§ **EXERCISE MATERIAL**:
——————————

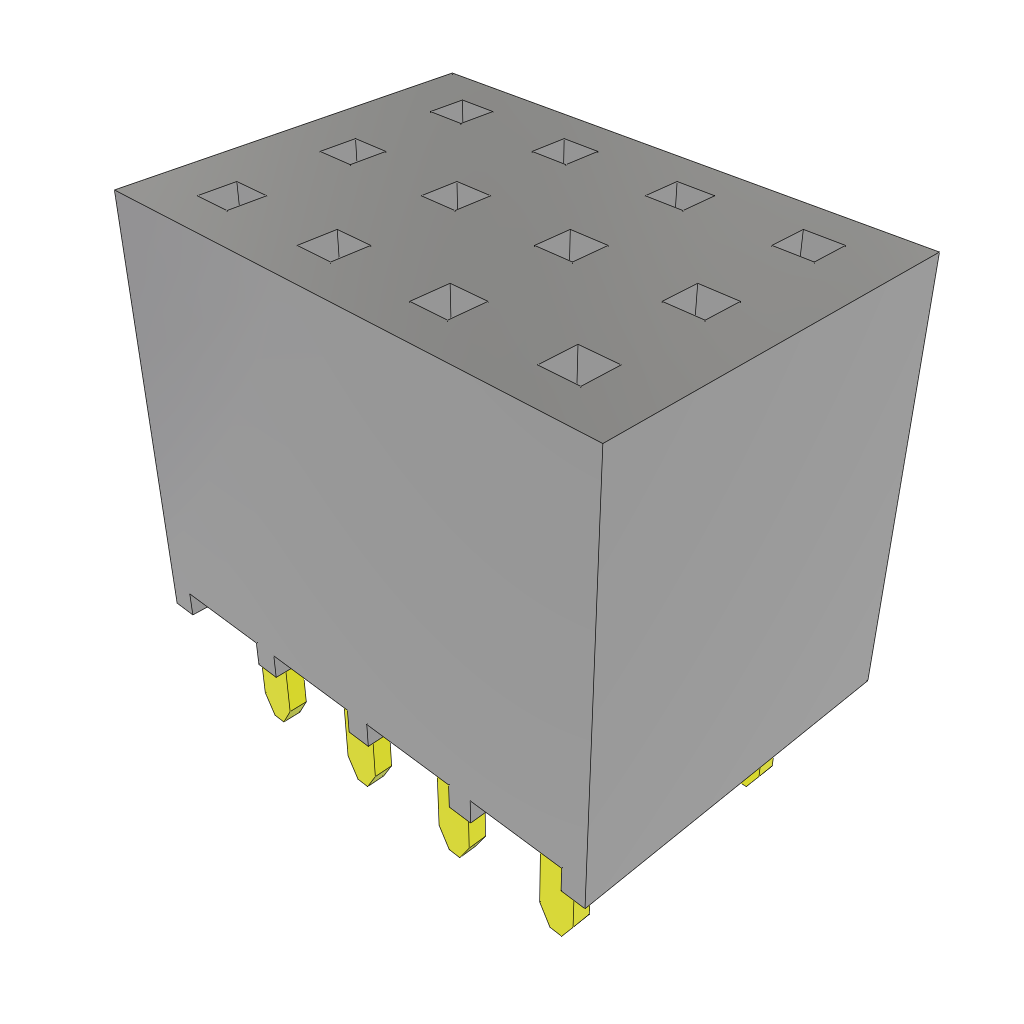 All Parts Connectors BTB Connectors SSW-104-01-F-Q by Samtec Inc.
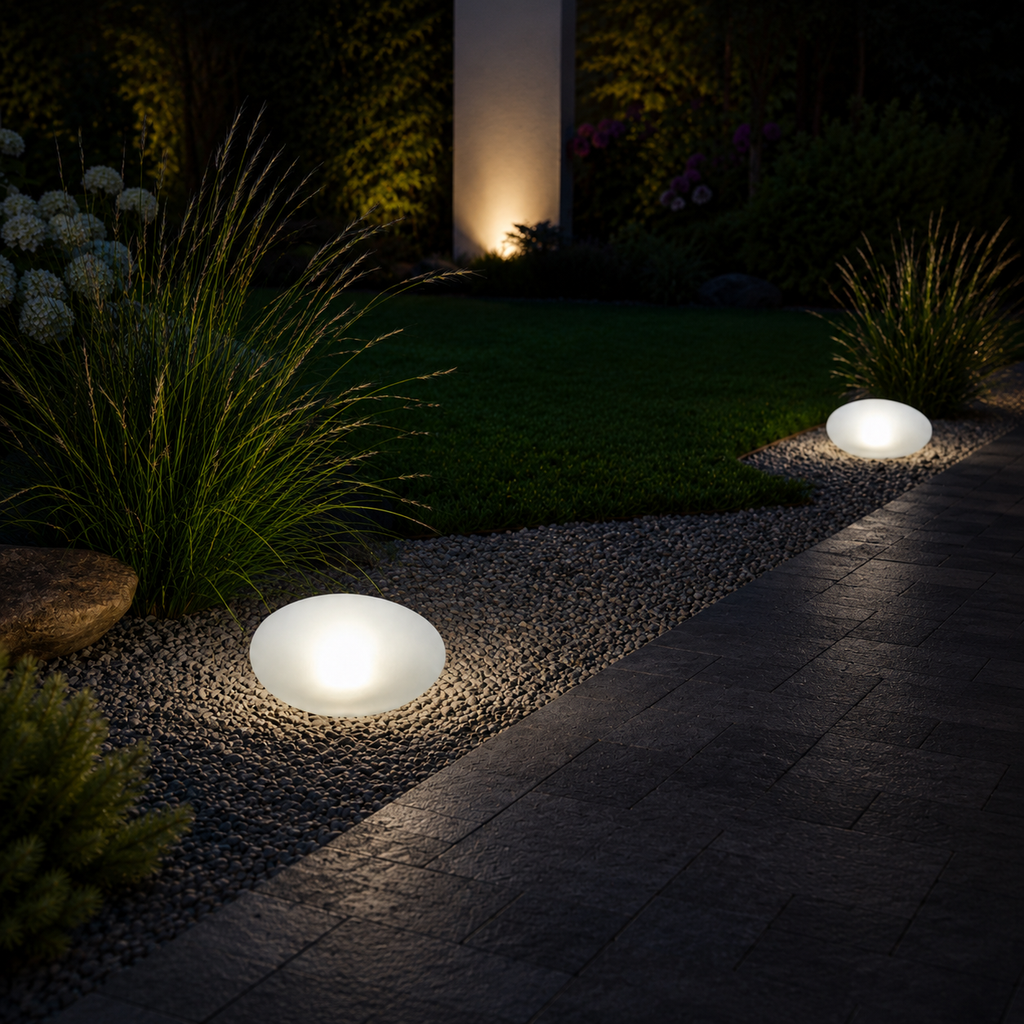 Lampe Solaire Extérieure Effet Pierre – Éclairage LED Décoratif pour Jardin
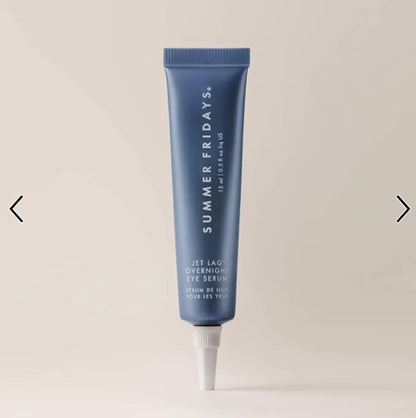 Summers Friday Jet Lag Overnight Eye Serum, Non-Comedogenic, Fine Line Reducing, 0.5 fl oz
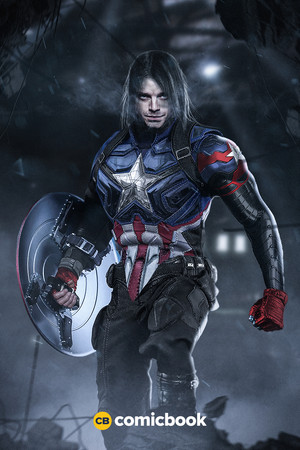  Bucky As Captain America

——————————

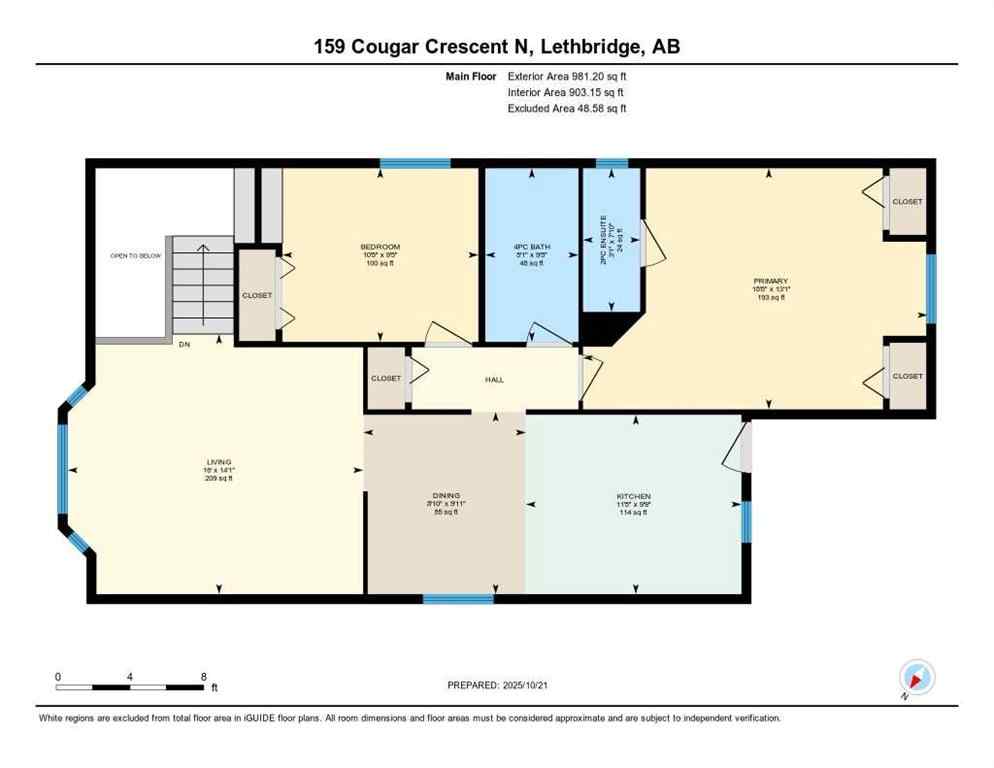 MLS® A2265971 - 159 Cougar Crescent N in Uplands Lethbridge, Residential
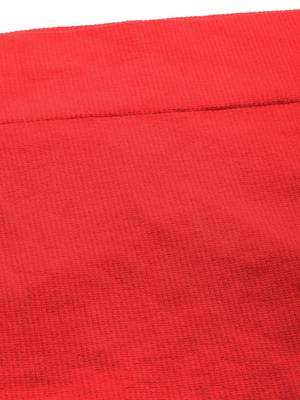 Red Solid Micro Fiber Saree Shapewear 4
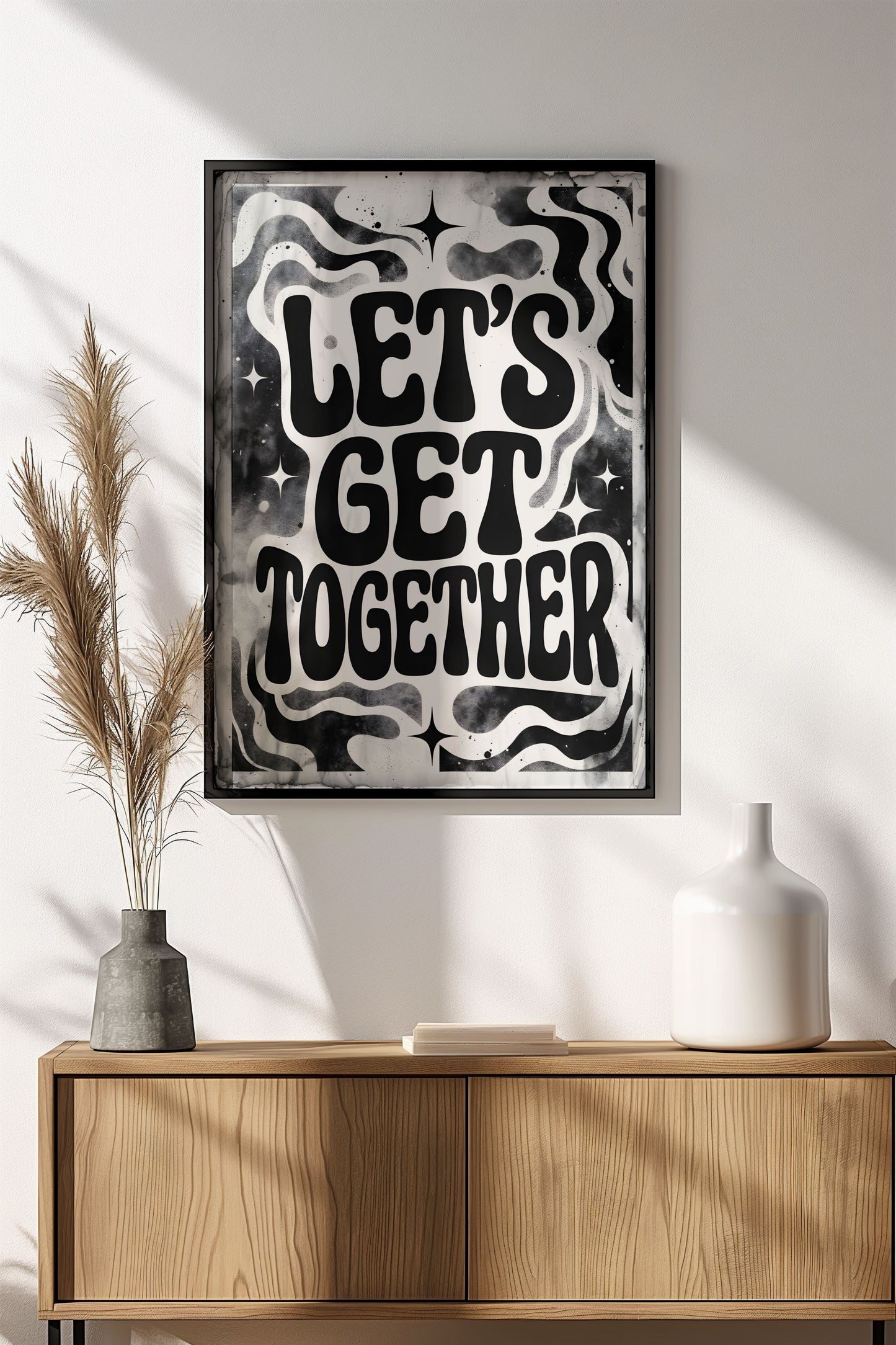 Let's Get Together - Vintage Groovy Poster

——————————

§ **THE TASK**:
Both the line above containing "Lampe Solaire Extérieure" and the line containing "Bucky As Captain America" belong in the copy, along with every line between them; print these exactly and omit the pictures.

§ **TASK OUTPUT**:
 Lampe Solaire Extérieure Effet Pierre – Éclairage LED Décoratif pour Jardin
 Summers Friday Jet Lag Overnight Eye Serum, Non-Comedogenic, Fine Line Reducing, 0.5 fl oz
  Bucky As Captain America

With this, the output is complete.